Because artists typically play as acoustic solo, duo or trio acts, a huge living room or backyard is not necessary and the overhead tends to be low. Money from tickets generally goes straight to the artists, with hosts or guests providing their own food and drinks, potluck-style.
The shows often appeal to people who, for a variety of reasons, are tired of shelling out a ton of money to see a big show in a sprawling, crowded, noisy arena.
“I’m a single mom, so taking three kids to the Jonas Brothers is like $500 to $700 a night,” said Kasie Carlson, a 44-year-old acupuncturist who has hosted around 20 concerts in her small Clearwater home. “You have people talking nonstop, you’re not even watching the concert, you’re either videotaping with your phone, or you’re dealing with people bumping into you. I just really appreciate the environment where I can sit and be quiet and actually hear the music.”
Said Kerry Kriseman: “It’s not a bar situation, it’s not a concert, it’s just taking in the music, and really being part of the experience with all of your senses.”
Sometimes the events lead to friendships. After hosting a show by the soul-pop duo Genna and Jesse, Carlson struck up a “lifelong friendship” with singer Genna Giacobassi. Other times, the house concert experience has found ways to spread throughout the community.
Safety Harbor artists Todd and Kiaralinda Ramquist hosted their first concert about 15 years ago, bringing in dozens of fans for private shows and fundraisers by artists like Michelle Shocked, Melanie, Randall Bramblett and actor Jeff Daniels. Over time, the concept of seeing intimate shows in unique spaces inspired them to launch the successful Safety Harbor SongFest and open their own concert venue, Safety Harbor Art and Music Center.

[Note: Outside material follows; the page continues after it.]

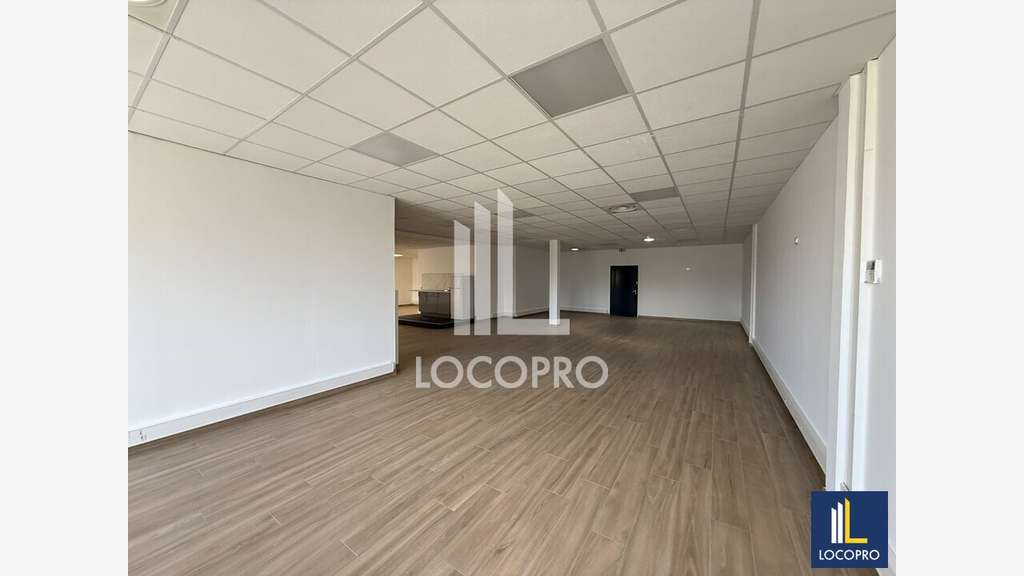 Bureaux de 460m² divisibles à louer à Biot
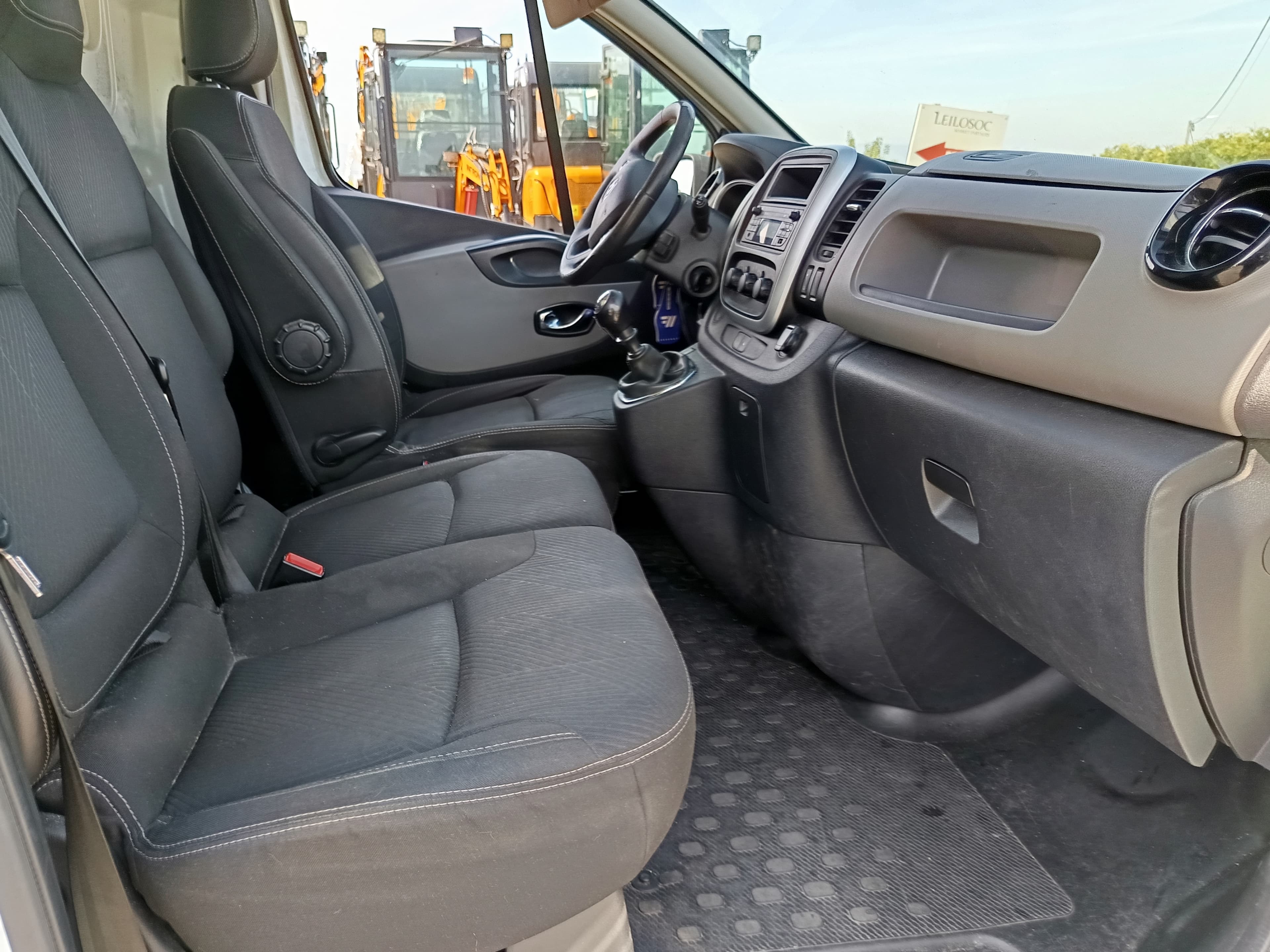 Renault Trafic · Ano 2017 — imagen 21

“We had built up a fantastic group of music-loving friends and friends of friends for our house concerts,” said Todd Ramquist. “Our fan base had to grow because our friends can only come and support so many concerts.”

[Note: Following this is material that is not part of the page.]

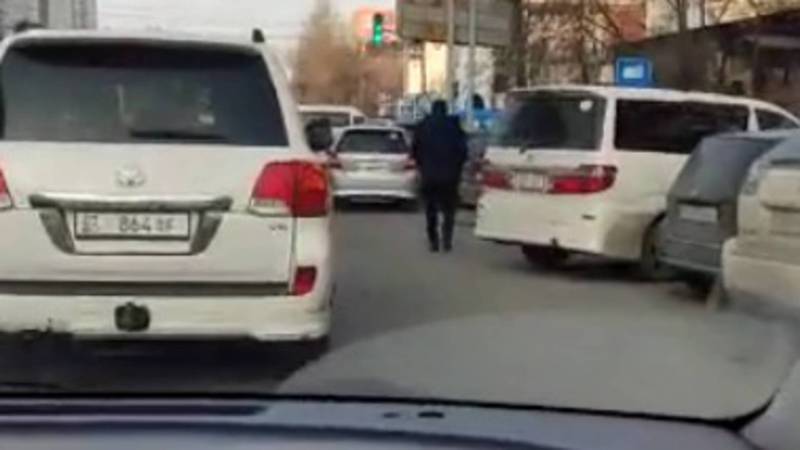 Бишкекчанин жалуется на постоянную пробку на Чуй-Шопокова. Видео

Most of the artists who play house concerts aren’t big national names, although there are exceptions. Amanda Shires, Pedro the Lion’s David Bazan and late Smithereens singer Pat DiNizio are among those who have played house concerts in Tampa Bay.

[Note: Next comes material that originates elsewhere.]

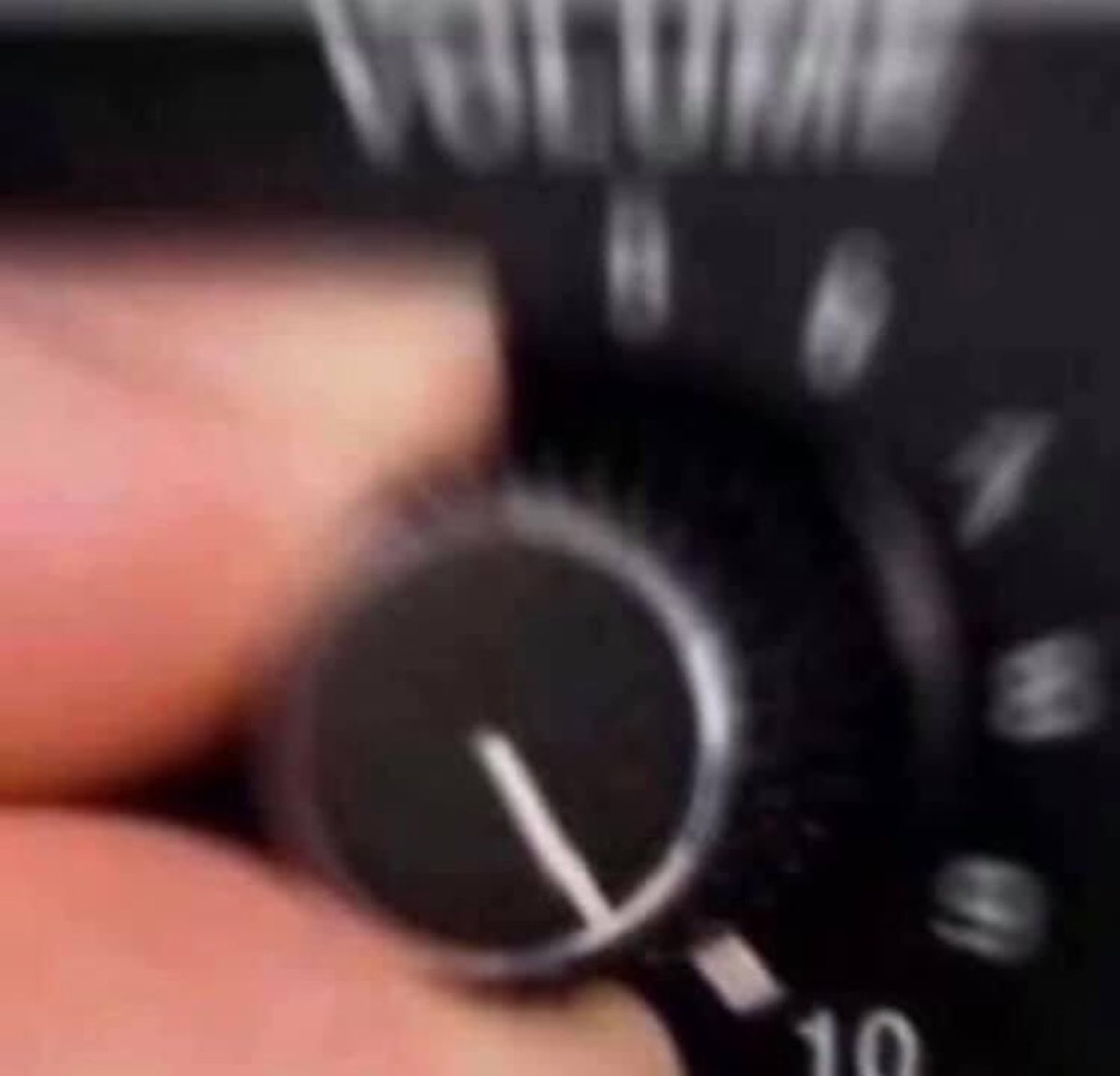 iiiamree's tweet image. How to listen to toosii:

“Even John Mayer played house concerts when he was first starting out,” Snyder said. “You could say Mozart was doing house concerts years ago. They called them parlor concerts.”
But for hosts, part of the appeal is knowing they’re backing working artists who aren’t yet famous.
“You’re getting absolutely top-notch talent,” Carlson said. “These are the singer-songwriters that used to go to Music Row in Nashville and get a record contract, but the music industry doesn’t work that way anymore. I wish I could tell everybody that we have a lot of incredibly talented artists that have CDs and are touring, but the music industry is so different now that they don’t have a huge outlet for making money and making a living doing this. Hosting house concerts, to me, is one of the best ways to support the arts, because you’re giving the artists the opportunity to make a living.”
For Kerry Kriseman, that was an important factor in deciding to host her first concert during this year’s Listening Room Festival in March. Snyder helped her set up a performance space and sound system by their backyard pool. On the day of the show, she made pasta salad for the band, Portland, Ore., folk trio Five Letter Word. About 50 guests showed up, filling their dining room table with appetizers, desserts and wine.
“Whether you’re a visual artist or a performing artist or a musician, it’s not an easy business. It’s competitive,” she said. “And if you can support people who are driving and traveling and staying in other people’s homes to try to make a living at what they do — and it’s really amazing talent as well — then I think that’s one of the benefits.” That, plus nice seats at a really great show. “Everything worked really nicely,” Kriseman said, “which is why we want to do it again next year.”